_Dataset entries_.

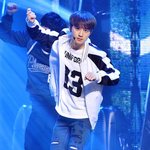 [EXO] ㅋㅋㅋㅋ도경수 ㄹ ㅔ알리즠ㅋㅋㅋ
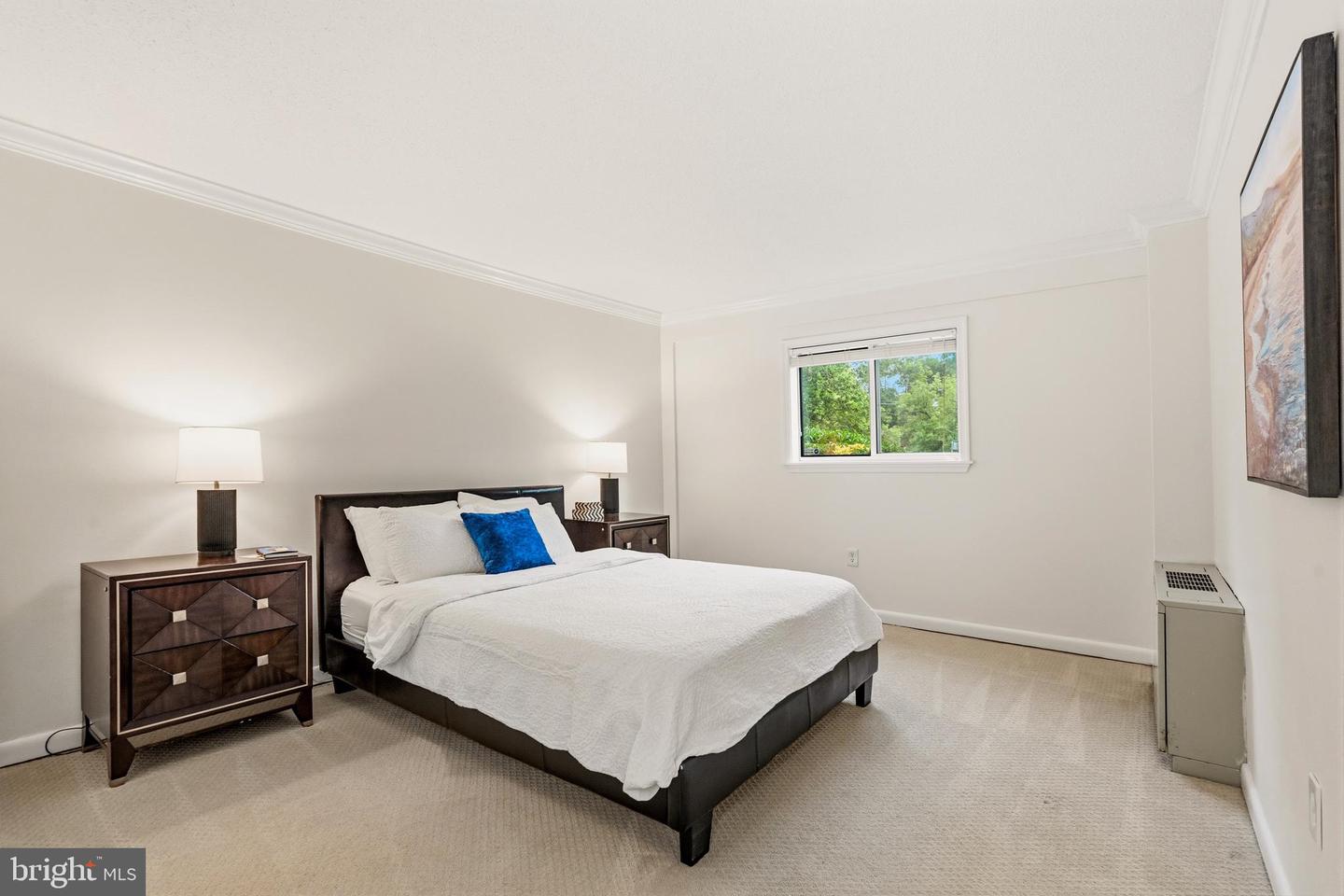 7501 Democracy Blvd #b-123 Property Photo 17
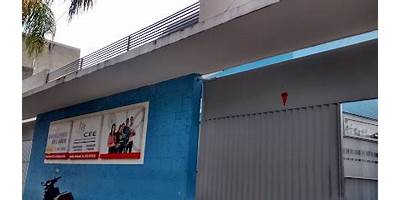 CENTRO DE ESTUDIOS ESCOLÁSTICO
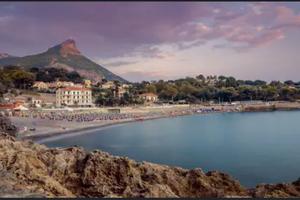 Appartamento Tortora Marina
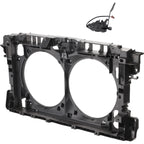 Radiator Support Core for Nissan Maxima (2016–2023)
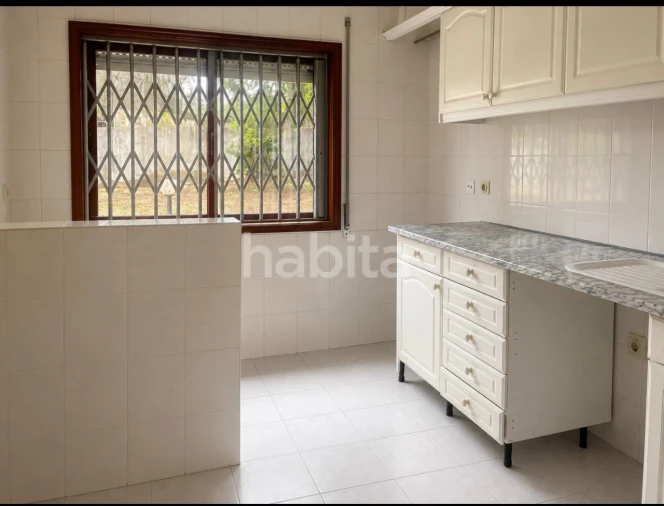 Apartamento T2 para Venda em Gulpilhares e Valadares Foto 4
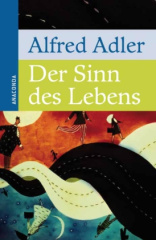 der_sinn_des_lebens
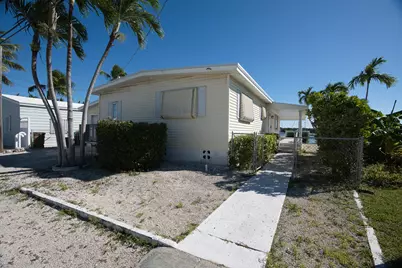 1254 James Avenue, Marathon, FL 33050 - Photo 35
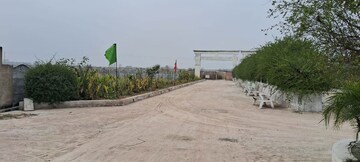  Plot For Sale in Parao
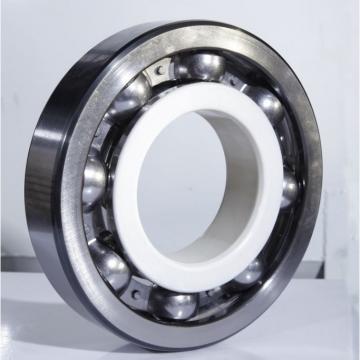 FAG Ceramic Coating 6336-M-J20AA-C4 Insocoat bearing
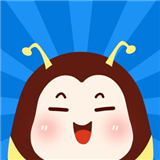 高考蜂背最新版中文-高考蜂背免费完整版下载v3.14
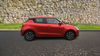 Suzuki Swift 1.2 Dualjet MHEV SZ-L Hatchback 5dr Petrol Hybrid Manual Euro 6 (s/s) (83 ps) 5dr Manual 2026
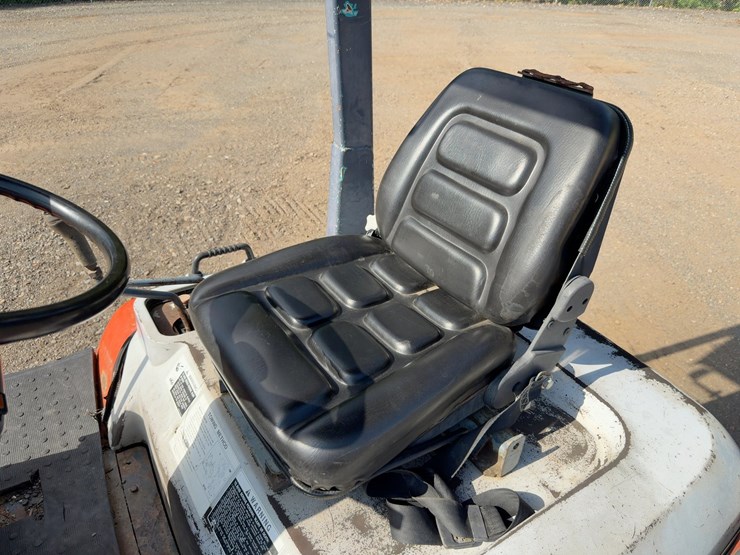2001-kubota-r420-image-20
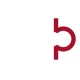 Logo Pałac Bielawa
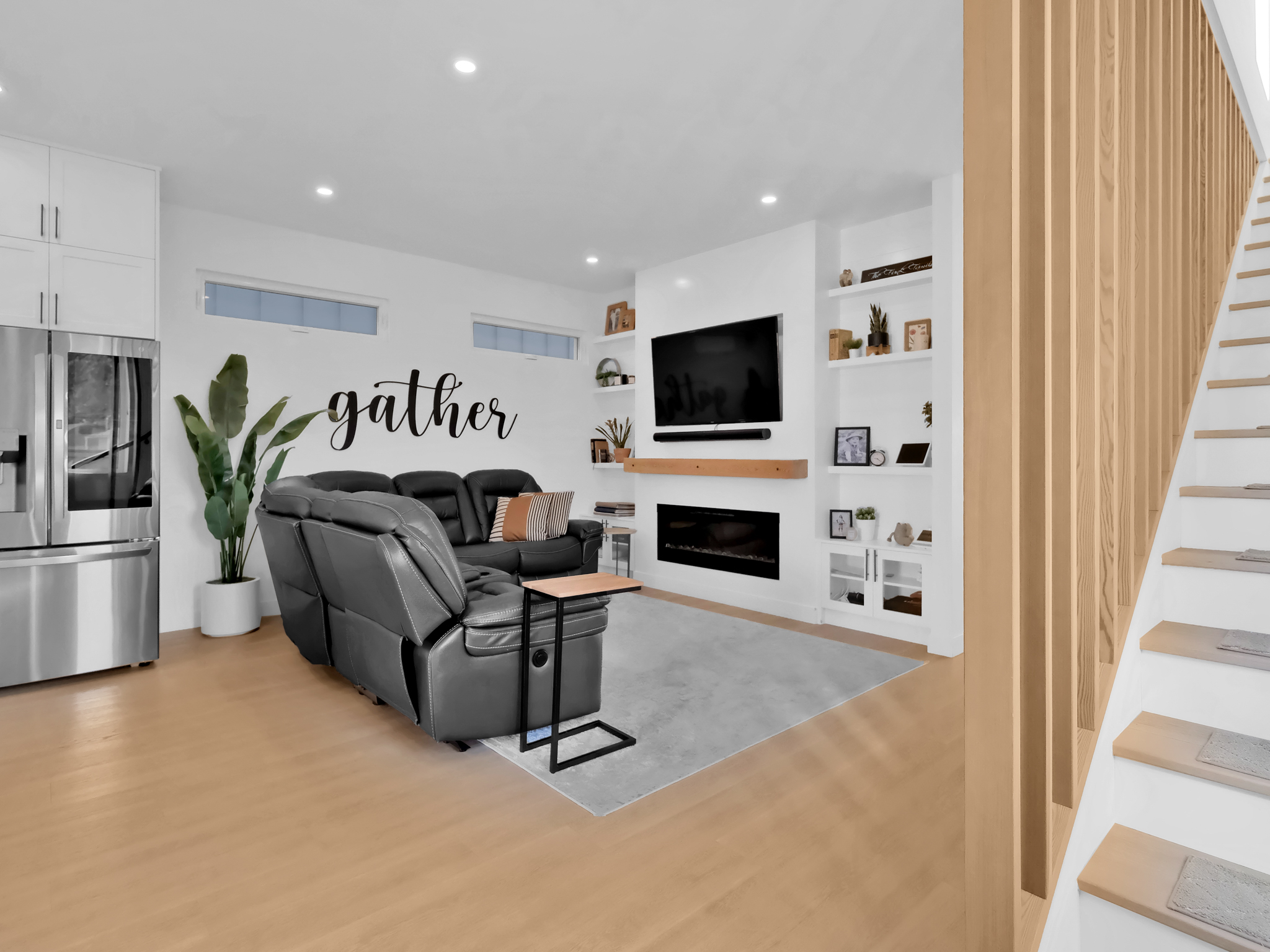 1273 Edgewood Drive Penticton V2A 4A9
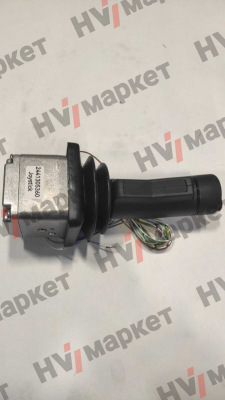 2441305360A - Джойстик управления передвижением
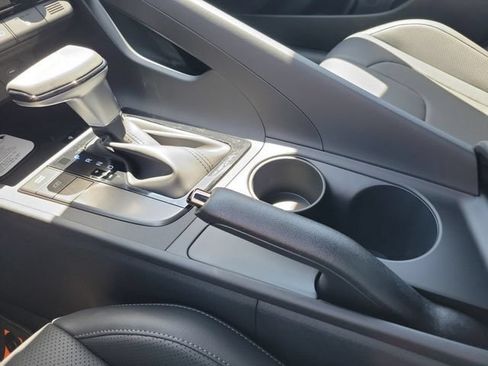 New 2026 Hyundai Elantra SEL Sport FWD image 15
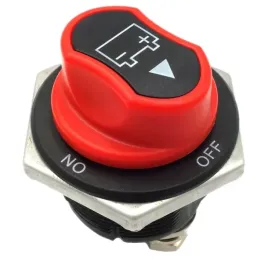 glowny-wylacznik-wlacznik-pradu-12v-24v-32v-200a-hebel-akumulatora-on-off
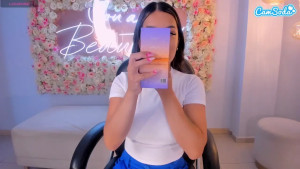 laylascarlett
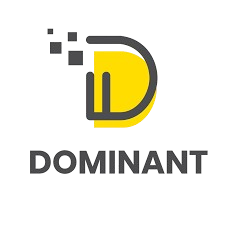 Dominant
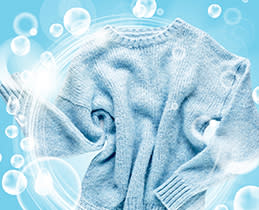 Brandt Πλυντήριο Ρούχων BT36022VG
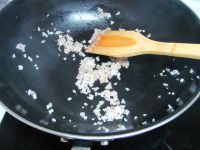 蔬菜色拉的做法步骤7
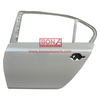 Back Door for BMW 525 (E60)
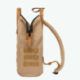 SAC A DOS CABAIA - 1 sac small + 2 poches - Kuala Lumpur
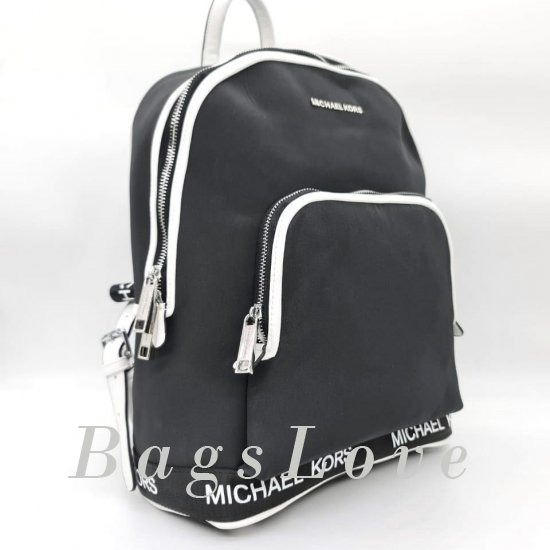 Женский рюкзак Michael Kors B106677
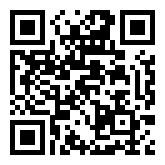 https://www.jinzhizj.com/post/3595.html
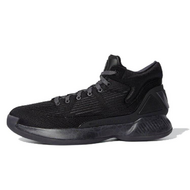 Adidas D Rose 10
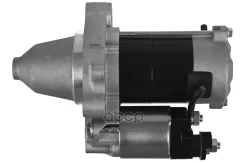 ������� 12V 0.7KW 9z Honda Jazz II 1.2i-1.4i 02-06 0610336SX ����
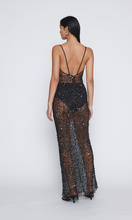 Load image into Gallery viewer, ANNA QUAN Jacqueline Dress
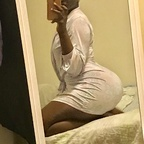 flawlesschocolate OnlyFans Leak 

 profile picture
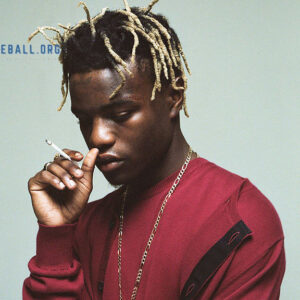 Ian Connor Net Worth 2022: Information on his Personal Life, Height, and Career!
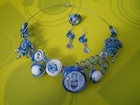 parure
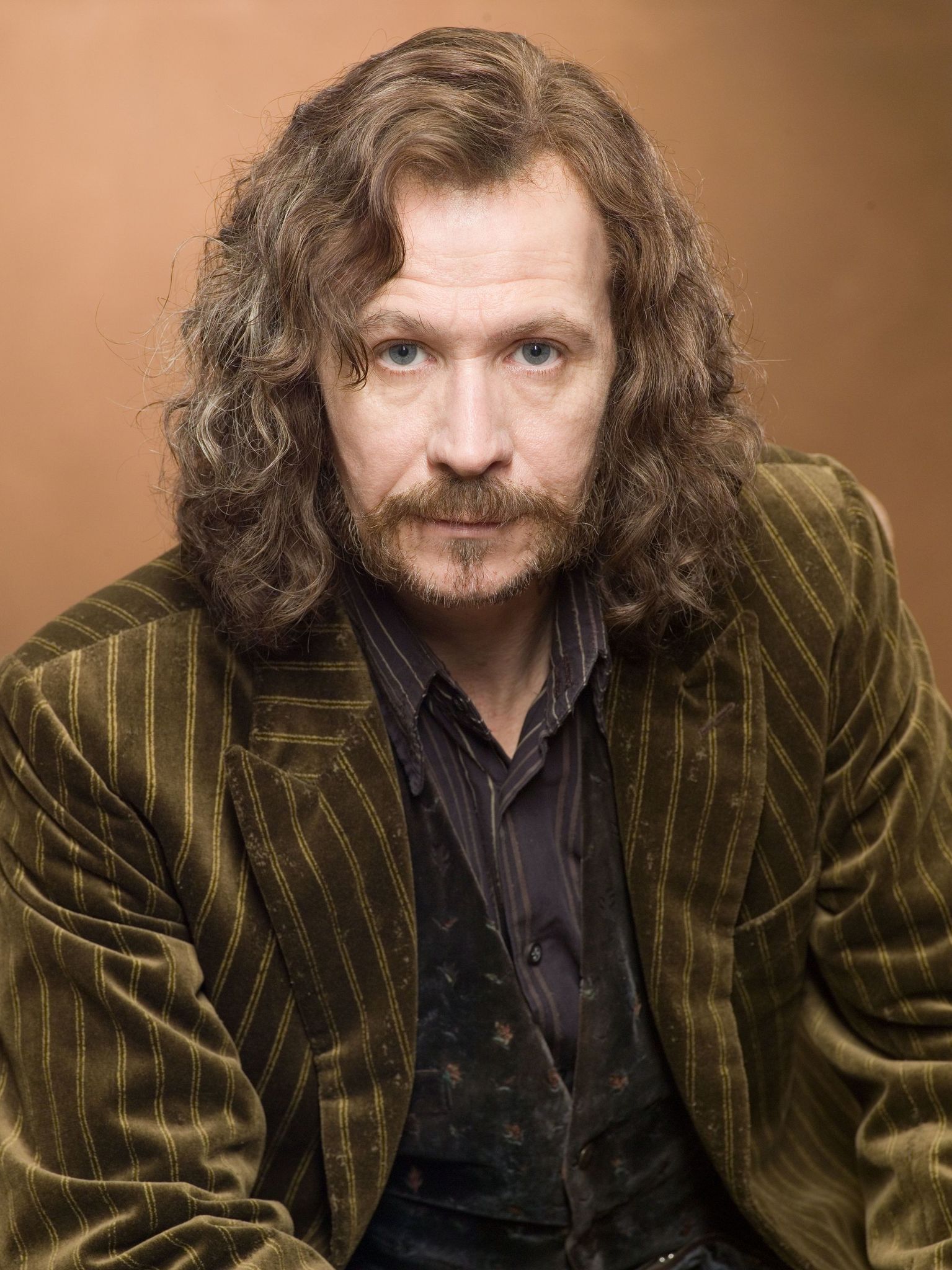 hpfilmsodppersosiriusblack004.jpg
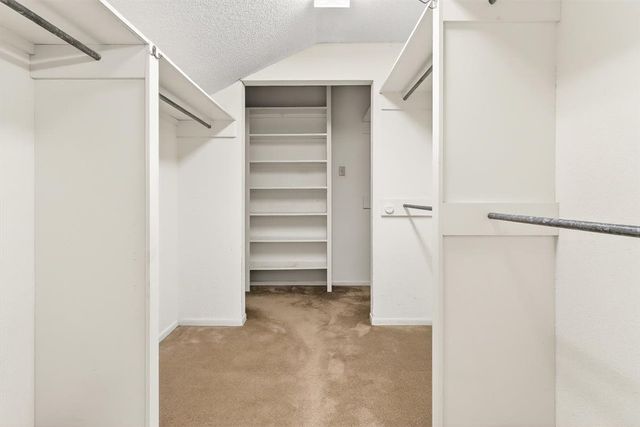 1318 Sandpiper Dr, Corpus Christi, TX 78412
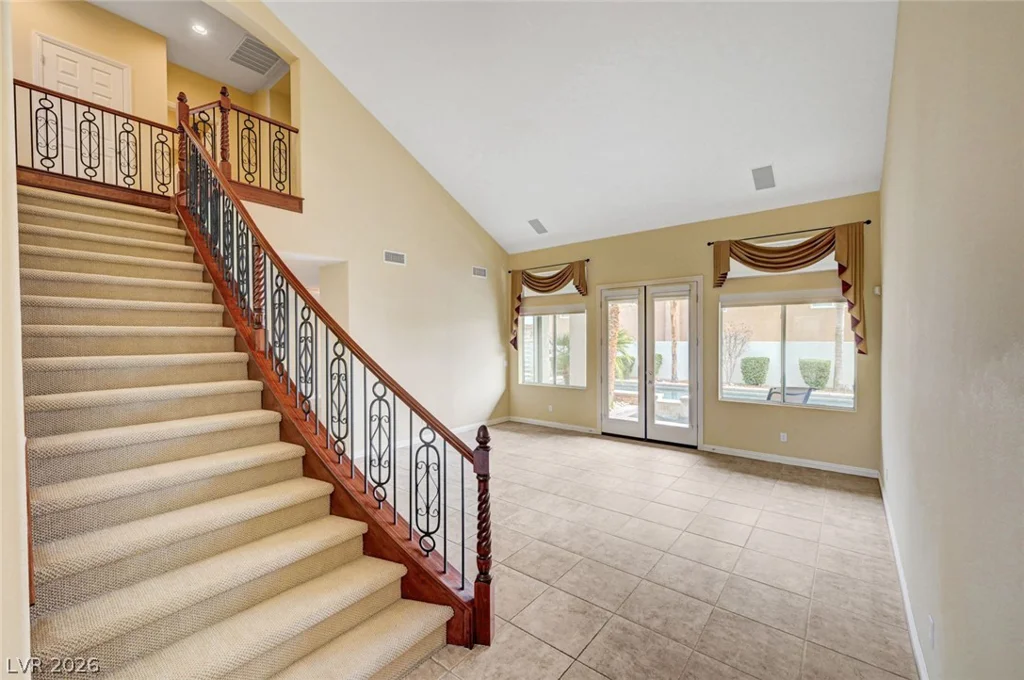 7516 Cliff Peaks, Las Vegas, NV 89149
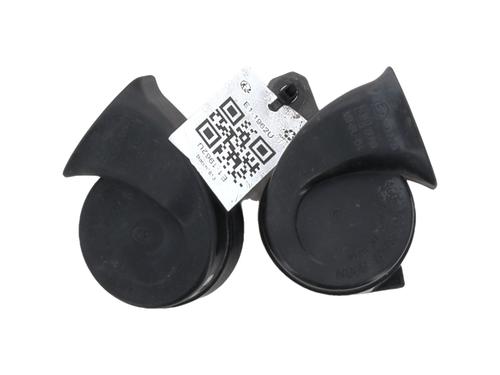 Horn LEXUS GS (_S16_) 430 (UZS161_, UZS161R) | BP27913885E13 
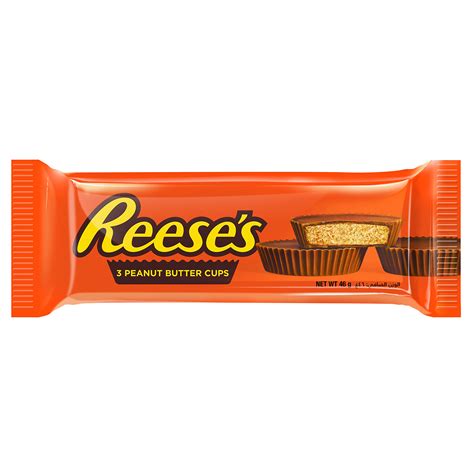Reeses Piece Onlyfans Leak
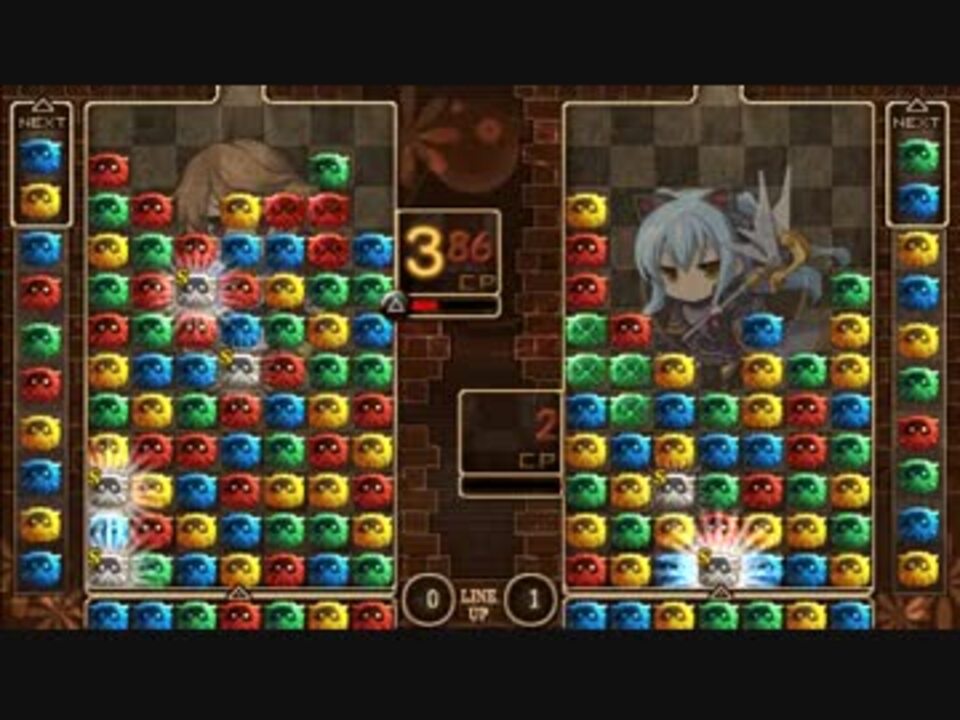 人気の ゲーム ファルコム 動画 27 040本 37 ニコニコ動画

_Exercise instructions_. Every entry should be written out word for word, except for its pictures.

_Answer to this task_.
 [EXO] ㅋㅋㅋㅋ도경수 ㄹ ㅔ알리즠ㅋㅋㅋ
 7501 Democracy Blvd #b-123 Property Photo 17
 CENTRO DE ESTUDIOS ESCOLÁSTICO
 Appartamento Tortora Marina
 Radiator Support Core for Nissan Maxima (2016–2023)
 Apartamento T2 para Venda em Gulpilhares e Valadares Foto 4
 der_sinn_des_lebens
 1254 James Avenue, Marathon, FL 33050 - Photo 35
  Plot For Sale in Parao
 FAG Ceramic Coating 6336-M-J20AA-C4 Insocoat bearing
 高考蜂背最新版中文-高考蜂背免费完整版下载v3.14
 Suzuki Swift 1.2 Dualjet MHEV SZ-L Hatchback 5dr Petrol Hybrid Manual Euro 6 (s/s) (83 ps) 5dr Manual 2026
2001-kubota-r420-image-20
 Logo Pałac Bielawa
 1273 Edgewood Drive Penticton V2A 4A9
 2441305360A - Джойстик управления передвижением
 New 2026 Hyundai Elantra SEL Sport FWD image 15
 glowny-wylacznik-wlacznik-pradu-12v-24v-32v-200a-hebel-akumulatora-on-off
 laylascarlett
 Dominant
 Brandt Πλυντήριο Ρούχων BT36022VG
 蔬菜色拉的做法步骤7
 Back Door for BMW 525 (E60)
 SAC A DOS CABAIA - 1 sac small + 2 poches - Kuala Lumpur
 Женский рюкзак Michael Kors B106677
 https://www.jinzhizj.com/post/3595.html
 Adidas D Rose 10
 ������� 12V 0.7KW 9z Honda Jazz II 1.2i-1.4i 02-06 0610336SX ����
 Load image into Gallery viewer, ANNA QUAN Jacqueline Dress
 flawlesschocolate OnlyFans Leak 

 profile picture
 Ian Connor Net Worth 2022: Information on his Personal Life, Height, and Career!
 parure
 hpfilmsodppersosiriusblack004.jpg
 1318 Sandpiper Dr, Corpus Christi, TX 78412
 7516 Cliff Peaks, Las Vegas, NV 89149
 Horn LEXUS GS (_S16_) 430 (UZS161_, UZS161R) | BP27913885E13 
Reeses Piece Onlyfans Leak
 人気の ゲーム ファルコム 動画 27 040本 37 ニコニコ動画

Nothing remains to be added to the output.